===== Material to process =====
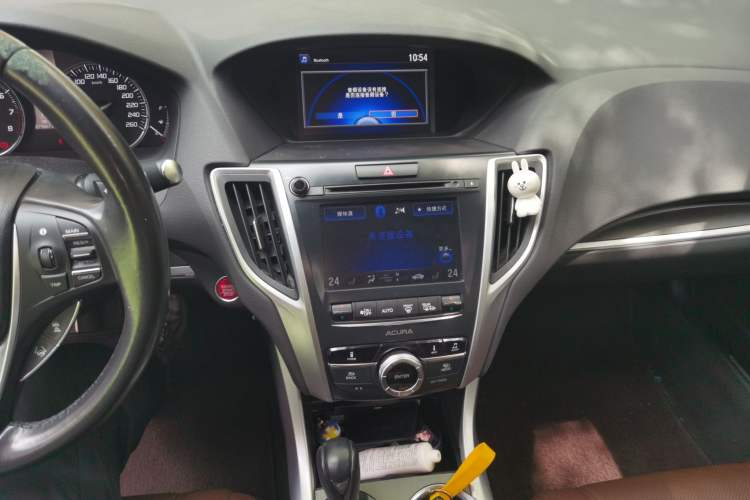 Used Acura TLX-L 2018 2.4L Enjoy Edition Audio And AC Panel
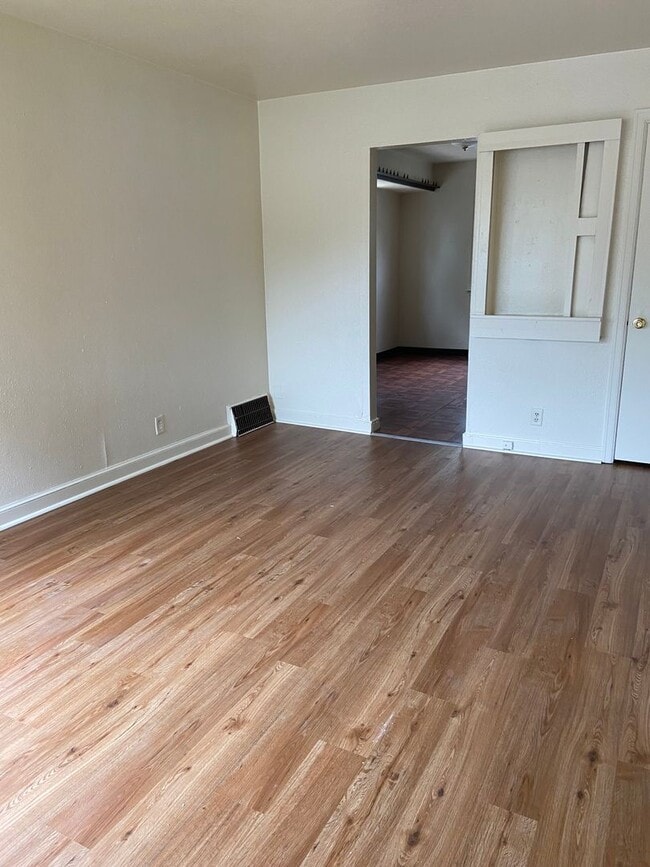 Photo - 2BR SINGLE FAMILY HOME, YARD, GARAGE, FULL BASEMENT, HANDY LOCATION!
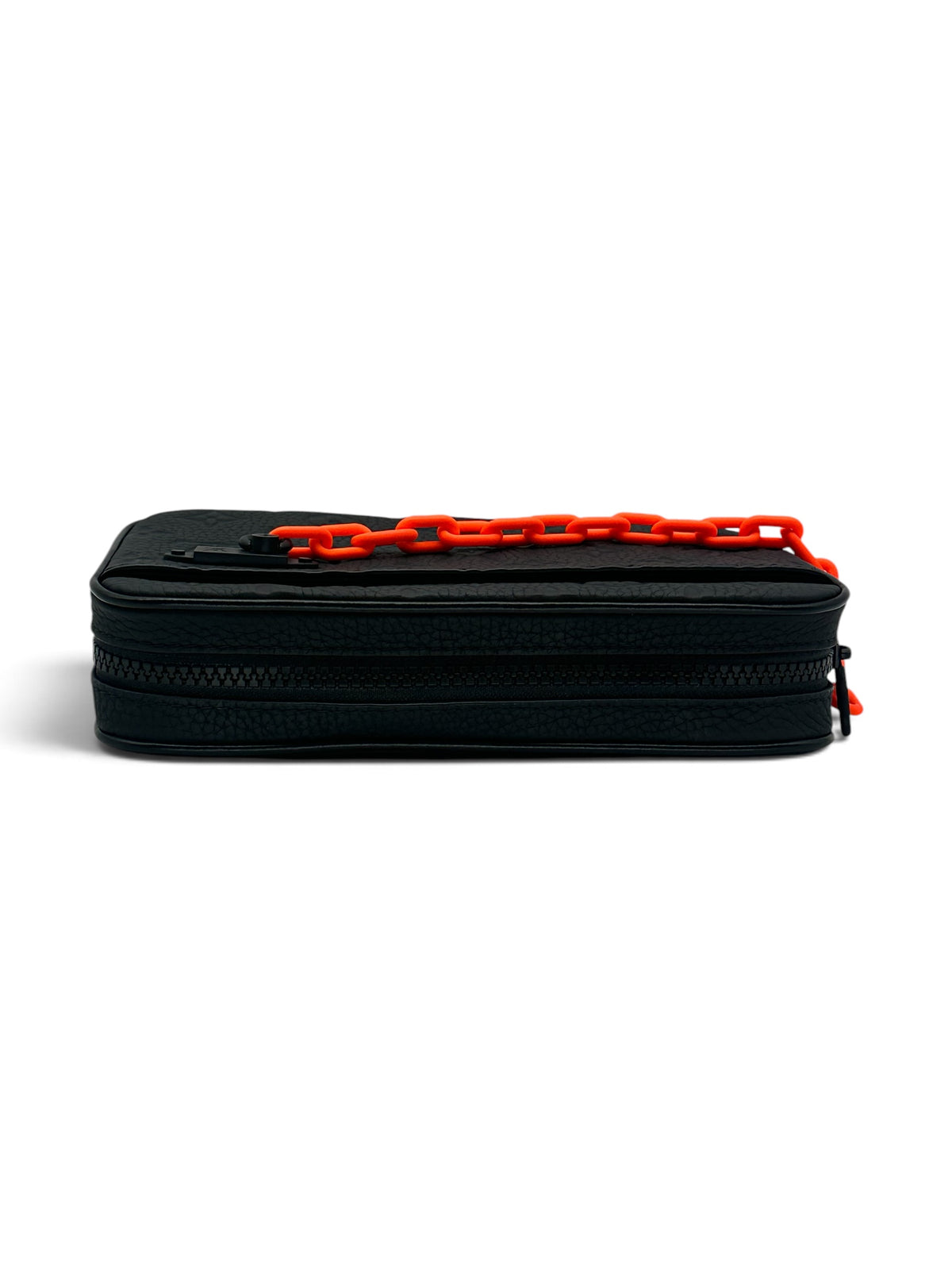 Louis Vuitton - Pochette Volga monogram empreinte noir avec chaî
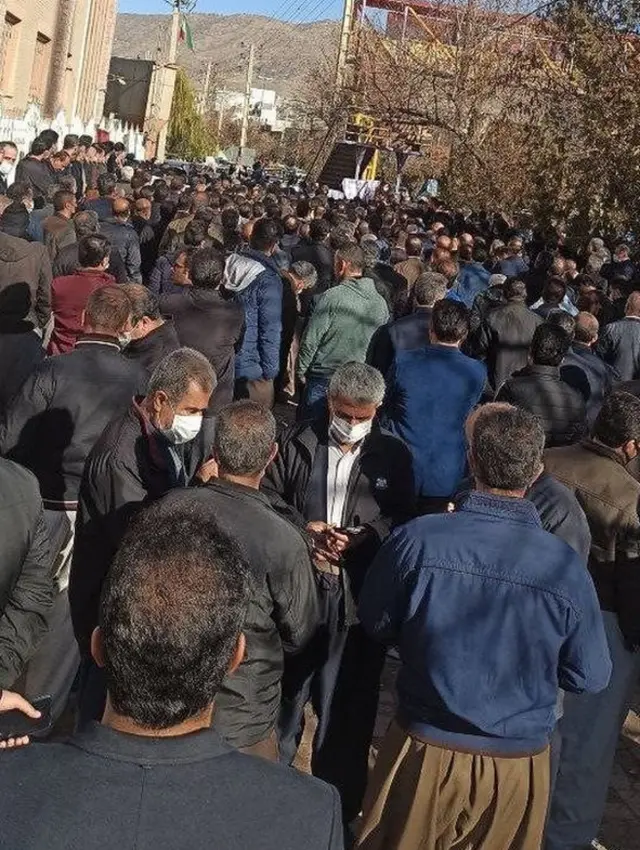 تجمع معلمان در شهر مریوان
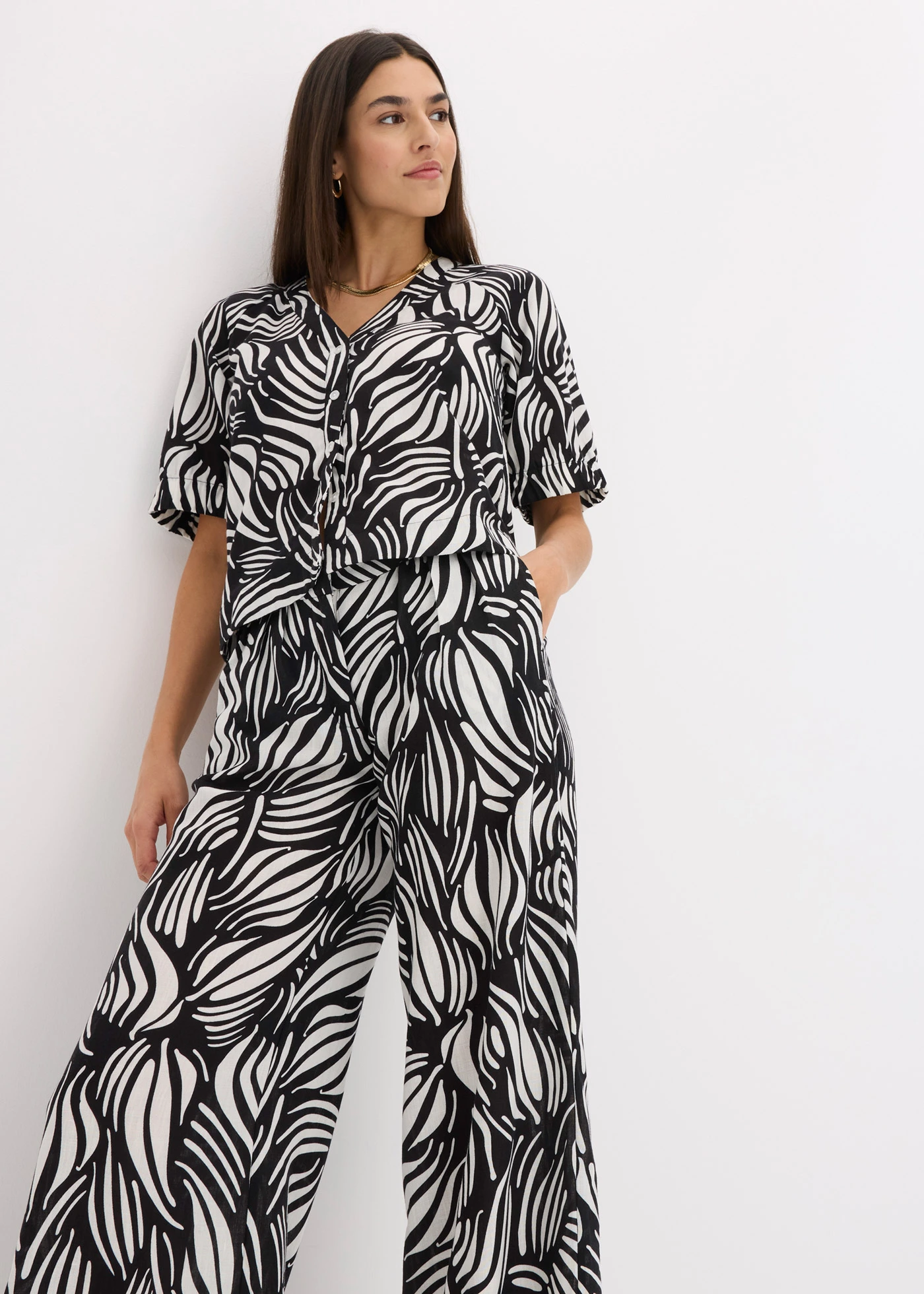 Palazzo kalhoty s pohodlnou pasovkou • černo-přírodní bílá s potiskem • bonprix obchod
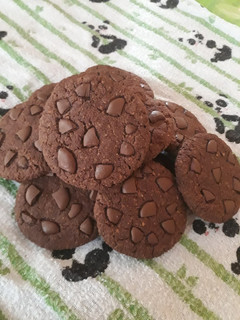 Una foto de Cookies de avena, cacao y okara de maní 🍪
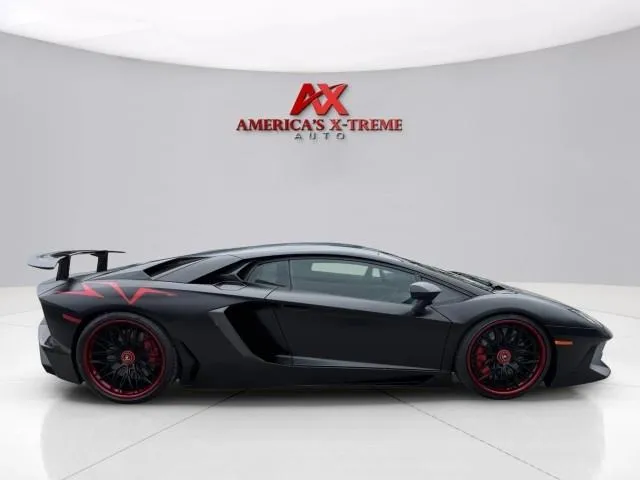 2017 Lamborghini Aventador Superveloce - Photo 7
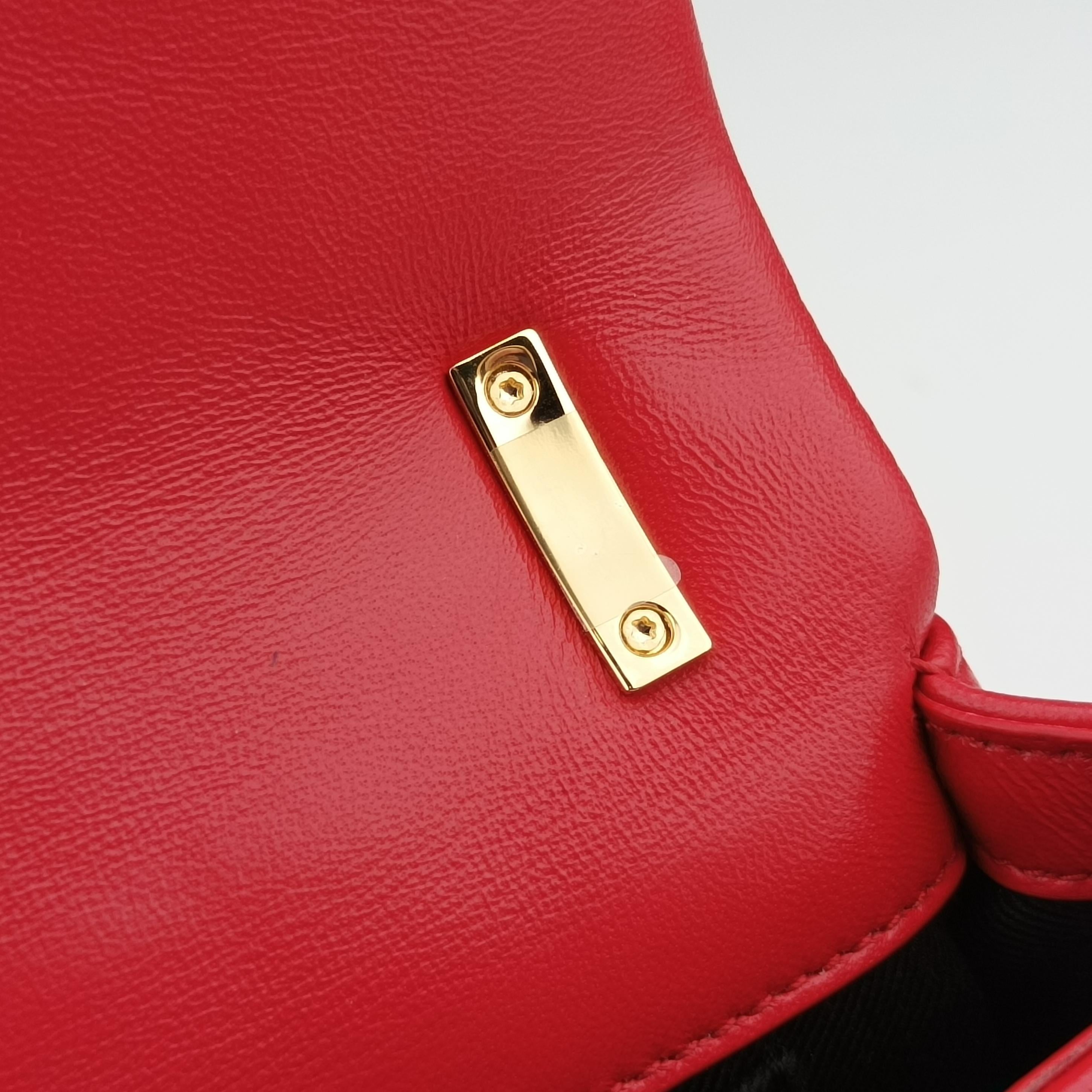Pre-owned Burberry Lola chain TB Red Leather  shoulderbag | stylenewstar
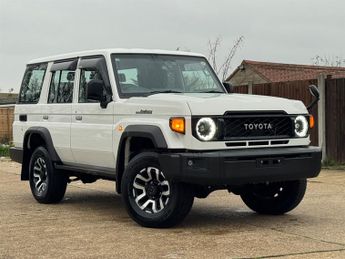 Toyota Land Cruiser LAND CRUISER AX LC70 2.8L AWD DIESEL AUTO NEW SHAPE 25-25,5 SEAT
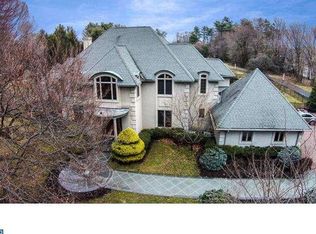 633 Chester Ave, Moorestown, NJ 08057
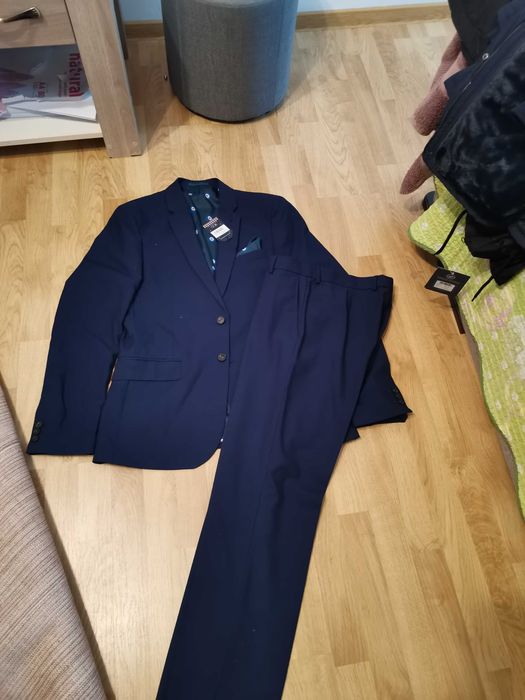 Vand costum Ben's Herman , sacou 32, pantaloni 40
=====
§ Task requirements: Every line above should be repeated exactly; pictures stay out of the copy.

§ Your response:
 Used Acura TLX-L 2018 2.4L Enjoy Edition Audio And AC Panel
 Photo - 2BR SINGLE FAMILY HOME, YARD, GARAGE, FULL BASEMENT, HANDY LOCATION!
 Louis Vuitton - Pochette Volga monogram empreinte noir avec chaî
 تجمع معلمان در شهر مریوان
 Palazzo kalhoty s pohodlnou pasovkou • černo-přírodní bílá s potiskem • bonprix obchod
 Una foto de Cookies de avena, cacao y okara de maní 🍪
 2017 Lamborghini Aventador Superveloce - Photo 7
Pre-owned Burberry Lola chain TB Red Leather  shoulderbag | stylenewstar
 Toyota Land Cruiser LAND CRUISER AX LC70 2.8L AWD DIESEL AUTO NEW SHAPE 25-25,5 SEAT
 633 Chester Ave, Moorestown, NJ 08057
 Vand costum Ben's Herman , sacou 32, pantaloni 40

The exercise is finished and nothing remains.